[Start of Attachment]

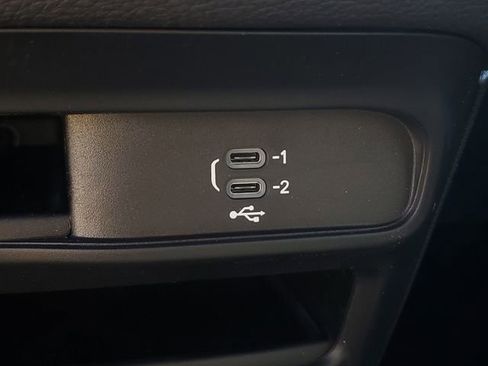 New 2026 Chrysler Pacifica Select FWD image 31
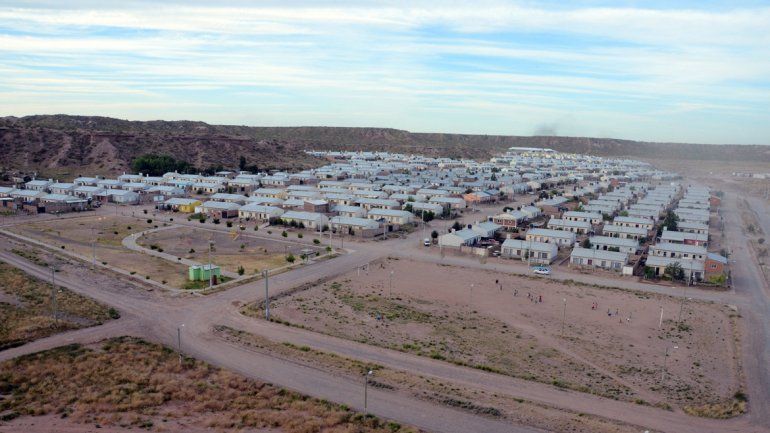 El Z1 se levanta imponente en el noroeste de la ciudad de Neuquén.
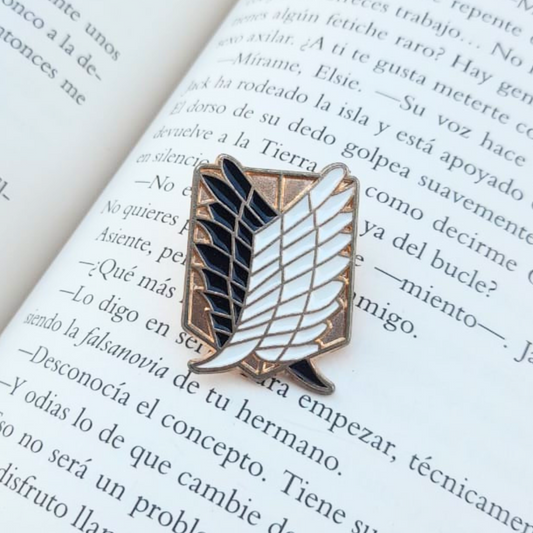 PIN SHINGEKI NO KYOJIN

[End of Attachment]

• [YOUR TASK]:
Please transcribe the listing above verbatim and exclude every picture.

• [OUTPUT BELOW]:
 New 2026 Chrysler Pacifica Select FWD image 31
 El Z1 se levanta imponente en el noroeste de la ciudad de Neuquén.
 PIN SHINGEKI NO KYOJIN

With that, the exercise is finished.